| Problem statement |
What you return must be an exact copy of the lines in the listing below between the line holding "PUMA Neymar Jr" and the line holding "Chalcedon Stufe Natur", inclusive, and nothing more.

| Records for this task |
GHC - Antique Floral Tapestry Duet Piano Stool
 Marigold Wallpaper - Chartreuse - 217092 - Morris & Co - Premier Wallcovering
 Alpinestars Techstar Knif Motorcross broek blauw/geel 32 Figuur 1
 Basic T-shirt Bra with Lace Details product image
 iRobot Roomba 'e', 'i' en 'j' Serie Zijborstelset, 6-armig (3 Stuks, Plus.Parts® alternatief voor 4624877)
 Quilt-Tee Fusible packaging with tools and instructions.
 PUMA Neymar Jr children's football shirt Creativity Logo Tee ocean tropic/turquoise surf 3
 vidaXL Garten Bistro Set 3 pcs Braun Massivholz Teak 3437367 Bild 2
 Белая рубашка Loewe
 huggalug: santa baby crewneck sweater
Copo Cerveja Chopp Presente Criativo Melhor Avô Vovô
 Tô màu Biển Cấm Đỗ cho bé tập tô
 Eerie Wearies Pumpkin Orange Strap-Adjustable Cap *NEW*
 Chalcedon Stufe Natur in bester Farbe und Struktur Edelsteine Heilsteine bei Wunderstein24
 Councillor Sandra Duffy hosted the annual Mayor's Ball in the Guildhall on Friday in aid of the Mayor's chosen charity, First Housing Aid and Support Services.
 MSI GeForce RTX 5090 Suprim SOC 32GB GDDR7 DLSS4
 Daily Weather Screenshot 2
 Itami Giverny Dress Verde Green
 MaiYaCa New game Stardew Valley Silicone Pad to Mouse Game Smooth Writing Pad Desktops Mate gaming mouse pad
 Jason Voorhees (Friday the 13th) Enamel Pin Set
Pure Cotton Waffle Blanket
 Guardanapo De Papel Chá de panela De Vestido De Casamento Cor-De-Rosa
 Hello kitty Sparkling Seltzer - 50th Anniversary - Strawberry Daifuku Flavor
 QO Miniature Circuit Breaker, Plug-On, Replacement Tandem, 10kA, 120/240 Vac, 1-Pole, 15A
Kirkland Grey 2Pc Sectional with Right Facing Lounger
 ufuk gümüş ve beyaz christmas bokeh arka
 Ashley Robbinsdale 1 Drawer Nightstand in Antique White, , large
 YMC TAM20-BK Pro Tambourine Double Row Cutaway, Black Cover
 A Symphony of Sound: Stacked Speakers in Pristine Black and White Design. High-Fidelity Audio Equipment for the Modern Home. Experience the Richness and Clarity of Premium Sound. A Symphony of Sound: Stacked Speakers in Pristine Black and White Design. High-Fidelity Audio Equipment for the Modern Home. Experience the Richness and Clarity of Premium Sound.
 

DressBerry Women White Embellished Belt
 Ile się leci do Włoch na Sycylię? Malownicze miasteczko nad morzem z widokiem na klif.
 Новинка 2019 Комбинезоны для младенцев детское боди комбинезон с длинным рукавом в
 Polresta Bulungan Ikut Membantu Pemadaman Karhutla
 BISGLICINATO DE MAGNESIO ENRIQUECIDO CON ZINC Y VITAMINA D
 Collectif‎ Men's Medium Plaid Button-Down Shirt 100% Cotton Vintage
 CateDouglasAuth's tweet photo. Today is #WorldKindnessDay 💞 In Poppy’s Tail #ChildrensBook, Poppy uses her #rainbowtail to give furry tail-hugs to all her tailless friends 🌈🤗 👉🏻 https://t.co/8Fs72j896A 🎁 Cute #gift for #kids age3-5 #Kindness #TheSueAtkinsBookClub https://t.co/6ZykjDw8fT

| Exercise answer |
 PUMA Neymar Jr children's football shirt Creativity Logo Tee ocean tropic/turquoise surf 3
 vidaXL Garten Bistro Set 3 pcs Braun Massivholz Teak 3437367 Bild 2
 Белая рубашка Loewe
 huggalug: santa baby crewneck sweater
Copo Cerveja Chopp Presente Criativo Melhor Avô Vovô
 Tô màu Biển Cấm Đỗ cho bé tập tô
 Eerie Wearies Pumpkin Orange Strap-Adjustable Cap *NEW*
 Chalcedon Stufe Natur in bester Farbe und Struktur Edelsteine Heilsteine bei Wunderstein24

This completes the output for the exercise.